If you wonder why the California Independent Petroleum Association cares so much about Santa Barbara politics, don’t. Whichever political faction controls the 3rd Supervisorial District dictates which way the political teeter-totter of county government tilts. With four major onshore oil and gas projects now in the county’s planning pipeline, the oil and gas stakes could not be higher. We’re looking at hundreds of new wells, all reliant on cyclic steaming, a technology notorious for its high energy needs and big carbon footprints. In one of the proposals, the high-pressure steam injected into the ground for 96 wells slated for the Orcutt Hills will generate so many major surface oil leaks that county energy planners have decreed the project a Class I environmental threat to surface waters and critters who rely on them. This project — like the other three — will all but certainly go before the county supervisors.
Of the five candidates running for the 3rd District — which encompasses the wine tasting rooms of the Santa Ynez Valley, the beer pong parlors of Isla Vista, and prescription med dens of western Goleta — the two runners are Porter — who touts an impressive military career — and Joan Hartmann, a lawyer/academic/tree hugger who touts her stint with the EPA. Who do you think the oil companies don’t want?

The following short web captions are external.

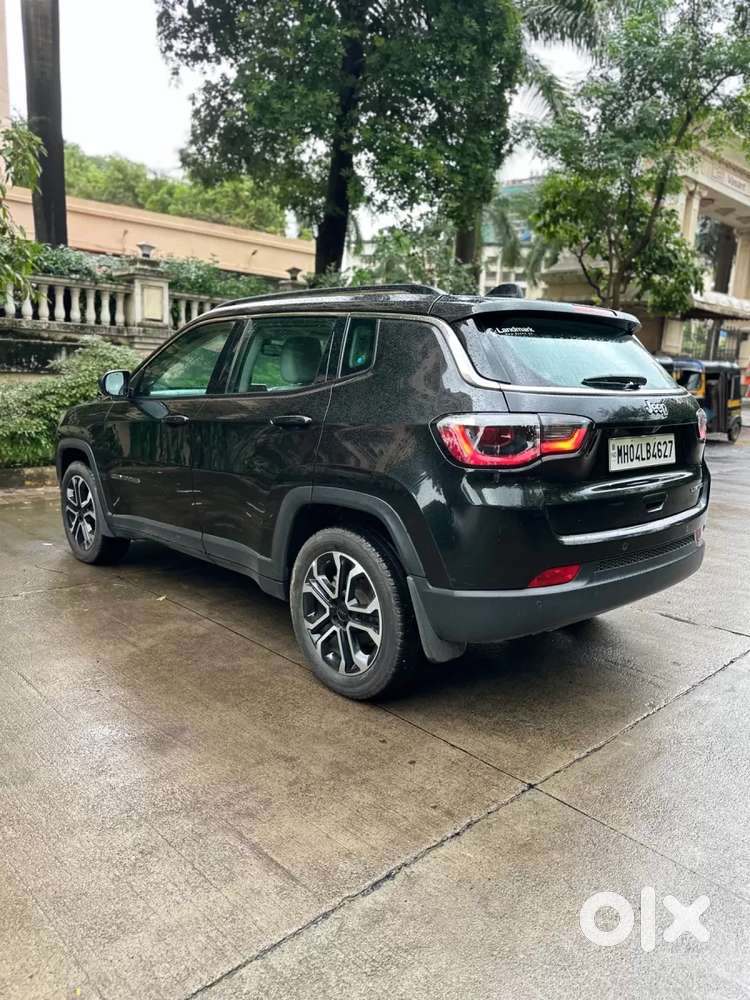 Jeep Compass Limited (o) 2.0 Diesel At, 2022, Diesel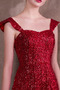 Robe de soirée Paillettes Longueur Cheville Un Costume Printemps - Page 8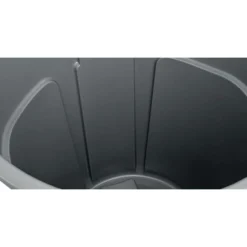 Rubbermaid Grande Poubelle Qualité Professionnelle Multi Usages 75 Litres -Outils De Stockage grande poubelle qualite professionnelle 5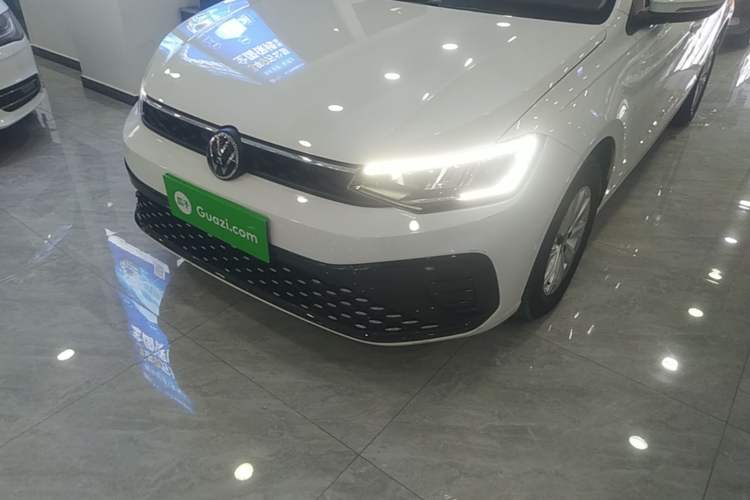 Used Volkswagen Lavida 2023 New Sharp 1.5L Automatic Excellent New Edition Left Front Headlight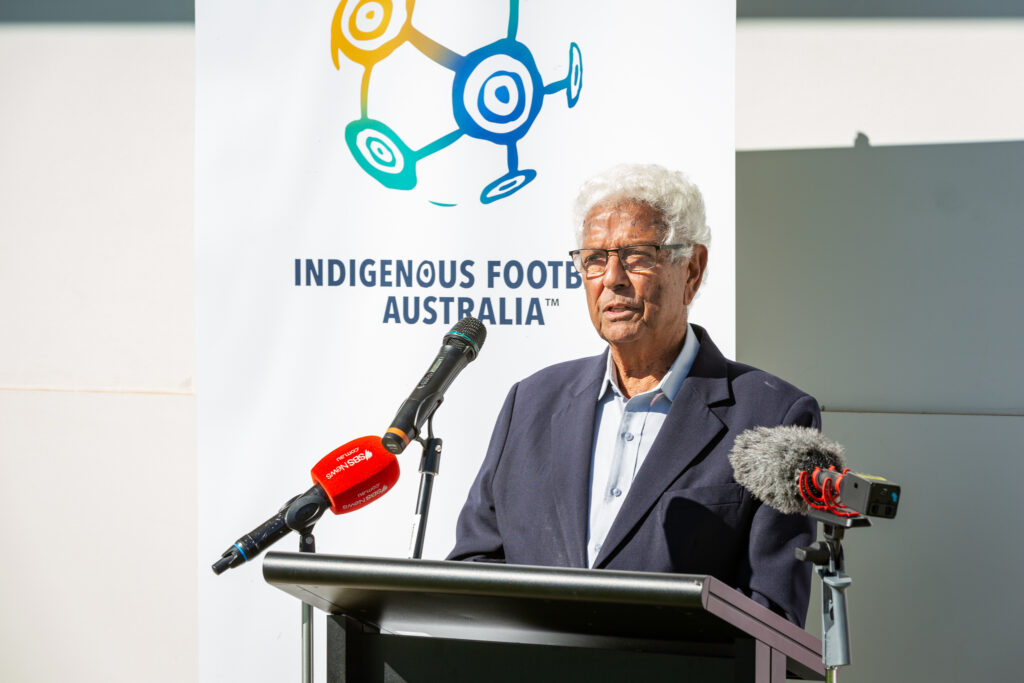 John Moriarty Football, Indigenous Children & Healthy Lifestyles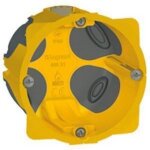 Batibox energy 1poste 50mm legrand 080031 (2 po?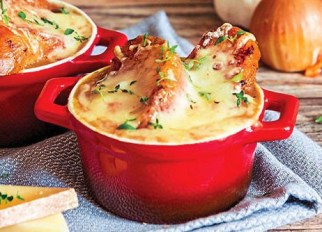 classic french onion soup recipe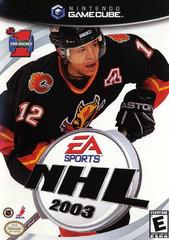 NHL 2003 - GameCube - Used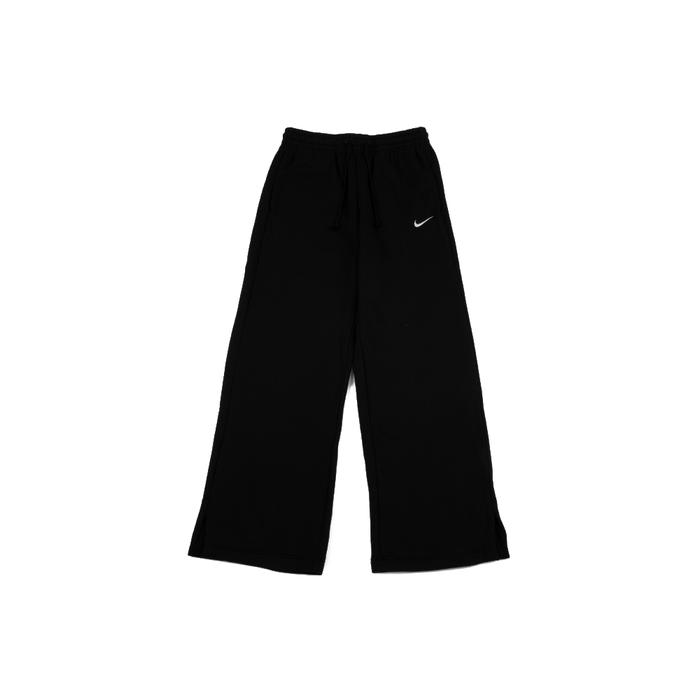 W NSW Phoenix Fleece Wide-Leg Sweatpants 'Black'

When first asked about the oil-industry money, Porter professed surprise. “I have no knowledge of any outside effort on my behalf,” he emailed. “If it’s happening, it’s outside my ability to see or control.” Technically, of course, Porter’s correct. Independent expenditure committees, by law, are legally separate entities from the campaign committees for candidates they support. Legally, no communication or cooperation is allowed between the two. Still, I’m skeptical Porter was as in dark as he claimed. After all, Porter’s campaign manager, Sean Duffy, worked for the oil-industry-bankrolled campaign to demolish Measure P — the ill-fated, ill-considered anti-fracking initiative on the November 2014 ballot — as ground ops coordinator and communications director on the South Coast. To defeat Measure P and a host of other anti-fracking measures that year, California’s oil industry raised and spent in excess of $7 million.
Porter added that he was “puzzled” I was asking about the oil money when I didn’t show similar curiosity about the $30,000 in late campaign donations Hartmann had received from public employee unions. Fair enough. For the record, Hartmann has received $30,000 from two SEIU Locals and another $1,500 from an electricians’ union. That, for the record, is big money. In an interview with Independent reporter Kelsey Brugger, Porter vowed to reject money from “a large public service union” and from “large industry,” specifically oil. But as of this Tuesday, things changed. That’s when Porter’s campaign accepted a $25,000 donation from the Santa Barbara County Deputies Sheriffs’ Association (DSA). I didn’t ask Porter how he justified this one. Maybe because the word “service” doesn’t appear anywhere in the DSA name, the union doesn’t technically qualify as a “large public service union.” Aren’t all peace officers sworn “to defend and to serve?”
I’m sure Sherlock Holmes would have something to say. In the meantime, watch out for dogs, barking or otherwise.